During his speech, Jesse Jackson told Evers-Williams: “We thank God for the redemptive blood of your husband.”
A white supremacist, Byron De La Beckwith, was tried twice for Evers’ slaying in 1964, but all-white juries deadlocked without convicting or acquitting him. After a reopened investigation, Beckwith was convicted of murder in 1994 and sentenced to life in prison. He was 80 when he died in custody in 2001.
Restaurants, schools and other public facilities are integrated, and black people in the Deep South no longer have to use separate water fountains or sit in balconies during movies, as they did 50 years ago. But, Jackson said Mississippi spends less money on its public schools than most other states, has one of the highest incarceration rates in the nation and is “attempting to undermine Section 5 of the Voting Rights Act,” an apparent reference to a proposed state law that would require every voter to show photo identification at the polls.

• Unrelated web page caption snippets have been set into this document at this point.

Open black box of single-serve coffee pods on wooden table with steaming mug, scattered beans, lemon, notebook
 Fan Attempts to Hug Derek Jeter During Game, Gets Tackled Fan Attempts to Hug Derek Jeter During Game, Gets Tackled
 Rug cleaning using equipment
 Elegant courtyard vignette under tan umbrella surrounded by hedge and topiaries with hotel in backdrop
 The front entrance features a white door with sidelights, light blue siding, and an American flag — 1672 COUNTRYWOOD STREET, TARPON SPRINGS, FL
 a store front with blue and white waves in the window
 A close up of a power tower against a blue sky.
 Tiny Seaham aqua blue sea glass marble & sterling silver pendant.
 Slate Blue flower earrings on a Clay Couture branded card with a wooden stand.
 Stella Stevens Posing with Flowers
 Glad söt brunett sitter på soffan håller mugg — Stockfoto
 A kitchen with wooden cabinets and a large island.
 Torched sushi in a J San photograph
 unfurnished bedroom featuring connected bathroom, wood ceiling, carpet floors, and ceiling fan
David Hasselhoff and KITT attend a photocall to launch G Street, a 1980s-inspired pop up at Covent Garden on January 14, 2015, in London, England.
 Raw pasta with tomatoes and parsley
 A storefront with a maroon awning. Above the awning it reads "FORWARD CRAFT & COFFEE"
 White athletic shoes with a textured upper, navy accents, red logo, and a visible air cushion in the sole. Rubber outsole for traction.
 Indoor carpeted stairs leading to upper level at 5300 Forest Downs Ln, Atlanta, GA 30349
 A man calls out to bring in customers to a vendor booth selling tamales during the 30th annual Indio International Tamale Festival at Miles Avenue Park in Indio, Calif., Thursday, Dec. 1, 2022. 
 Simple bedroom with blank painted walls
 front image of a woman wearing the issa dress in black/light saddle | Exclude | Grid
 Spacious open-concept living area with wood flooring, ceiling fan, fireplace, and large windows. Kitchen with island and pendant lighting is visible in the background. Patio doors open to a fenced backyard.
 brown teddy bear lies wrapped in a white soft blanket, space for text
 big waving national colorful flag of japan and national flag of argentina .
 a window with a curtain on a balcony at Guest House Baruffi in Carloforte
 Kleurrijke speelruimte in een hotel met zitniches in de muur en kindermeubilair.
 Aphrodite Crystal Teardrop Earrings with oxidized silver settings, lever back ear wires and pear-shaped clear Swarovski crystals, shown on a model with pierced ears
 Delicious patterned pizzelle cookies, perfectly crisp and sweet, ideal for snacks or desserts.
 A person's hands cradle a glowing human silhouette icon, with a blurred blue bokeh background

Mississippi voters approved a voter ID state constitutional amendment in November 2011, and legislators passed a bill in 2012 to put the photo ID plan into practice, but both proposals are still pending at the U.S. Justice Department. Like most other states with a history of racial discrimination, Mississippi is required to get federal approval for changes in voting laws or procedures.
Economic Policy Institute, a liberal-leaning think tank, reported in May that for the fourth quarter of 2012, the unemployment rate for black Mississippians was 14.3 percent, while the rate for white Mississippians was 5.4 percent.